Morten Hansen.
Indeed – but not for positive reasons. Whereas there might be several reasons for admiring France, politics and economics are none of them.
This has dire consequences for the French government and not least for French taxpayers; consequences that so obviously should be avoided elsewhere, including in Latvia, as they represent a sort of lose-lose situation.
Two simple graphs and a few arguments will describe the French debacle and the lessons for Latvia.
During Emmanuel Macron’s time as President since 2017, France has had seven prime ministers (and counting), making Latvia an island of political stability by comparison.
According to AI (Eurostat data simply doesn’t go that far back so I had to ask AI…), the last year France ran a government budget surplus was in 1974. The following 50 years have resulted in budget deficit upon budget deficit, sometimes very substantial, altogether creating a mountain of government debt, which broke the EU debt ceiling of 60% of GDP in 2002 and subsequently never looked back, reaching 113% of GDP in 2024; in the EU only behind Greece and Italy and far above Latvia (46.8%), see Figure 1.
Figure 1: Government gross debt, % of GDP, 2024, EU27
Economics 101 tells us that financial markets do not appreciate even a whiff of unsustainable public finances. The result is higher interest rates to accept holding French government debt. Latvia may still be considered a newcomer to international financial markets, and certainly when compared to France, and it is facing a clear and present danger from Russia that France does not experience – yet, financial markets are happier with Latvian government bonds than with French ones, see Figure 2. The Latvian government can borrow (September 2025) at 3.2% while France must pay 3.5%. Only three Euro countries must pay a higher rate, see again Figure 2 where the top-4 interest rates are for non-euro countries.

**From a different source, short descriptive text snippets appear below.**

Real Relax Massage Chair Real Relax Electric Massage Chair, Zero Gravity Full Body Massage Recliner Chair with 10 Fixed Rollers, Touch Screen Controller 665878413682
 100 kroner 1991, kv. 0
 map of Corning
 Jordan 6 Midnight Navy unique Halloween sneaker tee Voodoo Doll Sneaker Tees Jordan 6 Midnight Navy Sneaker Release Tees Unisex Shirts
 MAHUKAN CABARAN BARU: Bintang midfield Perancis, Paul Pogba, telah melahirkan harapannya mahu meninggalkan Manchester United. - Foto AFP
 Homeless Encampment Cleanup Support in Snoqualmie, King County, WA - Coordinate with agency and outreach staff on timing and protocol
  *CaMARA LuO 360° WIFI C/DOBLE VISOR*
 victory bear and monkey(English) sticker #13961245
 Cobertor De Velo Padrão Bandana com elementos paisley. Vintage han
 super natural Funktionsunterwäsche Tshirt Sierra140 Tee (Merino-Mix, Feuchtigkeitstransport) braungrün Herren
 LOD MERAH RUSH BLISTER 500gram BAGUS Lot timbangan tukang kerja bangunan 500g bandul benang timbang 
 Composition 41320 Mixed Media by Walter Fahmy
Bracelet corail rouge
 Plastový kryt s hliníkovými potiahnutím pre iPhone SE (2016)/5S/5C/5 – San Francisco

3.2% or 3.5%, who cares? Well, we should care. Latvia plans to borrow 3.8 bill. EUR in 2026. The 0.3 percentage point difference between 3.2% and 3.5% represent a risk of 11.4 mill. EUR extra interest payments per year. Perhaps small but not trivial. If all of Latvia’s government debt could be financed at e.g. Danish interest rates (0.8 percentage points lower than Latvian ones), it would save taxpayers 150 mill. EUR per year. Certainly worth aiming for rather than a French scenario.
Figure 2: Interest rates on long-term government bonds, % per year, September 2025
So, absolutely unsurprising, prudent economic policy has an impact on government debt interest rates and so does stable, meaningful and far-sighted politics.
The Latvian response to these simple truths? Political uncertainty regarding the 2026 state budget (now finally resolved) and – why, oh why? – disagreement regarding the Istanbul Convention.
Should interest rates rise – and thereby costs to taxpayers, it is all for homegrown reasons.
So unnecessary!
Author is former Head of Economics Department at Stockholm School of Economics in Riga.